In kenya, for example, 20 million tons of timber are burned annually, mostly in the form of charcoal, for cooking alone. It takes 12 tons of timber to make one ton of charcoal. Can this staggering figure be cut down?

Prince Sadruddin, brother of the Aga Khan, has been thinking about the problem for more than a year in his Bellerive Foundation for Primary and Renewable Energies in Switzerland.

He and his experts have come up with a more fuel-economical type of jiko -- a round, tin cooking stove, of which tens of thousands are used in African villages.

It was recently demonstrated in Nairobi before the minister of energy, Dr. Munyua Waiyaki, by the prince himself, and by his top technician, Prof. Waclaw Micuta.

There are no commercial ties in the manufacture of the stove, which any village tinsmith can make very cheaply. There is no copyright, no patents; it is just a few pieces of scrap metal welded together. This cook-pot is expected to cut down the use of charcoal by one-third.

The most popular way of cooking in the villages in on an open-air wood fire, which has a thermal efficiency of 5 percent. Most of the heat disappears into the air.

The traditional jiko has the cook-pot on top of the stove with the wood or charcoal put in at the bottom. It wastes about 90 percent of the heat, which escapes round the pot.

The Sadruddin jiko, in which the pot fits snugly at the top, wastes no more than 75 percent of the heat, and uses one-third of the charcoal required by the traditional stove.

A spokesman for Prince Sadruddin said: "This jiko could be one of the most beautiful things to come out of Africa."

The prince, who used to be UN high commissioner for refugees, told me:

"We had many other thoughts when developing the jiko, apart from saving previous fuel.
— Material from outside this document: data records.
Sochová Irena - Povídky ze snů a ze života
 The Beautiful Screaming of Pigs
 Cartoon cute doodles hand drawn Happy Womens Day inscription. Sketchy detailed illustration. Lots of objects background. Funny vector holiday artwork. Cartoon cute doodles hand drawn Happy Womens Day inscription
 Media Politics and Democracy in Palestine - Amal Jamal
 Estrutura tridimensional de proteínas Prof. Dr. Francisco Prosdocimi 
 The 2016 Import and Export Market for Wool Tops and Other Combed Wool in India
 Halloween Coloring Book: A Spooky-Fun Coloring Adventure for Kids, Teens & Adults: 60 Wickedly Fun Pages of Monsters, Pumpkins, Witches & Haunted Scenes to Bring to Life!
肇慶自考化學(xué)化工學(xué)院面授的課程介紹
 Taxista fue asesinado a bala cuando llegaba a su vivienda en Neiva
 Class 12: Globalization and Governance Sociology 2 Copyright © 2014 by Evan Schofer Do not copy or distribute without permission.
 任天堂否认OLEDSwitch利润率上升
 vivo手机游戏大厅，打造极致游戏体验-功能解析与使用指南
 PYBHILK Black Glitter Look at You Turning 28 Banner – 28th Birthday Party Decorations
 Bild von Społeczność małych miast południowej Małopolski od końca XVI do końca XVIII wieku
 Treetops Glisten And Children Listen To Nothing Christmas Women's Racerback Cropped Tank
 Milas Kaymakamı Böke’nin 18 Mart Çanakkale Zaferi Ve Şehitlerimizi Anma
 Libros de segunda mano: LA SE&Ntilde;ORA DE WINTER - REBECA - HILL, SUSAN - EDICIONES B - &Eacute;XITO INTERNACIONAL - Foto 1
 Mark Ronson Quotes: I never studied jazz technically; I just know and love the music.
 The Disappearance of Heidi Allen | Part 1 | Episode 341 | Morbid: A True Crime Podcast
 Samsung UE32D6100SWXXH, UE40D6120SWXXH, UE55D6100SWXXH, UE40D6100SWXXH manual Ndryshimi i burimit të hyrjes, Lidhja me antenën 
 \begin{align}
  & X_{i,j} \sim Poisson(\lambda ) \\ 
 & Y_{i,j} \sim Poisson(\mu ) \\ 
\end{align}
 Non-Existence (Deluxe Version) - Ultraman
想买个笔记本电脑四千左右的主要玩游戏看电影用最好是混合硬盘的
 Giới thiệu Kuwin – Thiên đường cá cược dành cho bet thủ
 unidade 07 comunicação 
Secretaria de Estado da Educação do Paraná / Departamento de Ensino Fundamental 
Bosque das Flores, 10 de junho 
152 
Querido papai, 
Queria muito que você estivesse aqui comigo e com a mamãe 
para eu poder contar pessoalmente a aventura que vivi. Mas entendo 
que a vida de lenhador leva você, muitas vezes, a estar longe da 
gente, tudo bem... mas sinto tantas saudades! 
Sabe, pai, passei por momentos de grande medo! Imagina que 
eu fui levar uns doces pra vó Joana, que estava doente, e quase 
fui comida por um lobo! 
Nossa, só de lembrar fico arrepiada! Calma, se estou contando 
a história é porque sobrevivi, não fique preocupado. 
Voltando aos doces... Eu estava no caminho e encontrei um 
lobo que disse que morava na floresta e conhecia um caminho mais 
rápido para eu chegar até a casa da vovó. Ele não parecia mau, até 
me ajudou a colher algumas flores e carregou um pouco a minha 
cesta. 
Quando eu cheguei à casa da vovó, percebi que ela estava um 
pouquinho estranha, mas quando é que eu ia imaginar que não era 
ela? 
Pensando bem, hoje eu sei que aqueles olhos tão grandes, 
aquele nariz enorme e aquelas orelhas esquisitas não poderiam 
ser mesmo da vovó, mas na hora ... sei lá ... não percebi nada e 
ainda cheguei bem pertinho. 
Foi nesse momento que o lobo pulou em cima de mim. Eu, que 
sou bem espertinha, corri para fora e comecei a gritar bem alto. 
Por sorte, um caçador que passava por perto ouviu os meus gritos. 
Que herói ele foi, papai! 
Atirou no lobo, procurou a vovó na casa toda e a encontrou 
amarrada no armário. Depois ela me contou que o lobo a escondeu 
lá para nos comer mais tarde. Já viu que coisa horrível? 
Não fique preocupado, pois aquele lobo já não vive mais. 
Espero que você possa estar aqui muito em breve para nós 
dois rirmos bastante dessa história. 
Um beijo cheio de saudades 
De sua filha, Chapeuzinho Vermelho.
One person we thought of was the African village woman who spends most of her day hunting firewood, and them has to carry it all home on her back, an agonizing task that makes her old before her time. Our new jiko will lessen her task."

The new jiko is being sponsored by the Kenya government and by the Kenya National Council of Science and Technology. Plans are available for any manufacturer who wishes to make it.

The vital fact behind its development is that Africa's forests are being depleted faster than they can be replenished. There is concern here that parts of Kenya could become a desolate woodless area comparable to the Sahel region of West Africa.